4. Smother Flames in a Stovetop Grease Fire

If the flames keep coming after you turn off the stove, smother them to put them out. Your first instinct may be to douse the fire with water, but that’ll only make things worse. The liquid will instantly vaporize when it hits the fire, causing an uproar of hot, noisy, and dangerous steam explosions that could cause your entire kitchen to go up in flames. 

The best way to put out a stovetop fire is to smother it with something like a metal pot lid or cookie sheet. This cuts off oxygen, which fires need to thrive. You can also dump baking soda on it in a pinch or use a fire extinguisher.

5. Keep Doors Closed If the Fire Is in the Oven or Microwave

Handle fires that begin in an appliance differently, and always keep your phone handy if the fire grows and you need to call the fire department for help.

A fire in an oven or microwave is already contained. Opening the appliance door will only introduce oxygen, which fuels fires. Leave the microwave or oven door closed in hopes the fire will slowly die out without escaping.

6. Use a Fire Extinguisher If Needed

Stop fire from spreading by spraying it with a fire extinguisher from about an 8-foot distance. Once you pull the trigger to release the fire-extinguishing chemicals inside the device, sweep it from side to side to make sure it extinguishes every flame.

7. Assess Damage and Wait to Clean Up

After a kitchen fire, contact a local fire damage restoration pro to assess the damage. Take photos and call your insurance company to file a claim, if necessary. 

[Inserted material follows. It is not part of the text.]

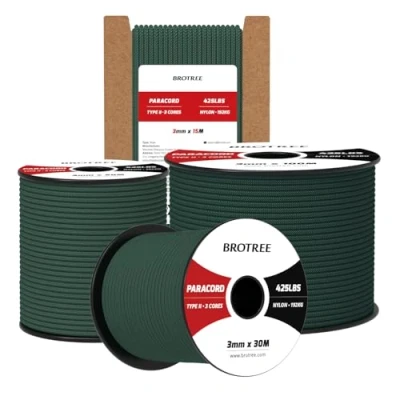 Imagen de Brotree Paracord 3mm 50M Cuerda 100% Nylon Tipo II 3 Hebras 425 para Exterior, Bricolaje 192 kg Carga de Rotura (Verde Oscuro)
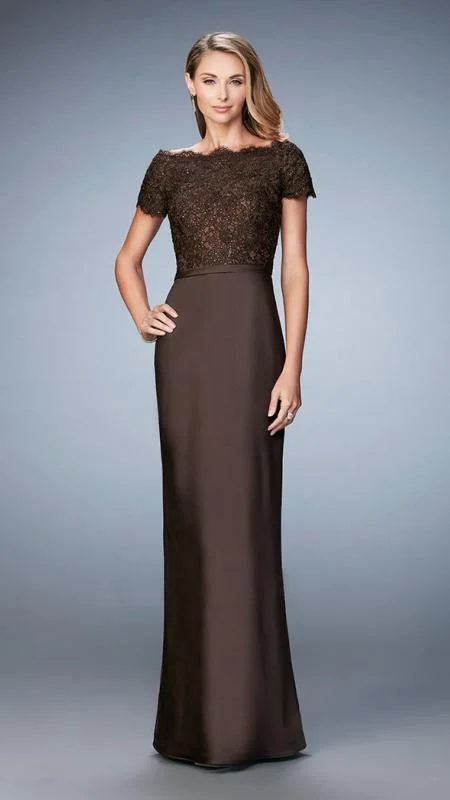 Women's Night-Out Outfit La Femme Beaded Lace Off-Shoulder Gown 21962SC - 1 pc Espresso in Size 10 Available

Wait to clean up until you get the go-ahead from your insurance provider. When it’s safe to do so, wear protective gloves, long clothes, and a face covering to protect yourself from unhealthy soot and smoke. Prevent your home from that burnt smell by leaving windows and doors open for a few hours (or as long as necessary) to allow the smoke to escape. 

If the fire caused heavy damage, you might even need to replace your kitchen cabinets and appliances. Hire a fire restoration service near you to guide you through the process.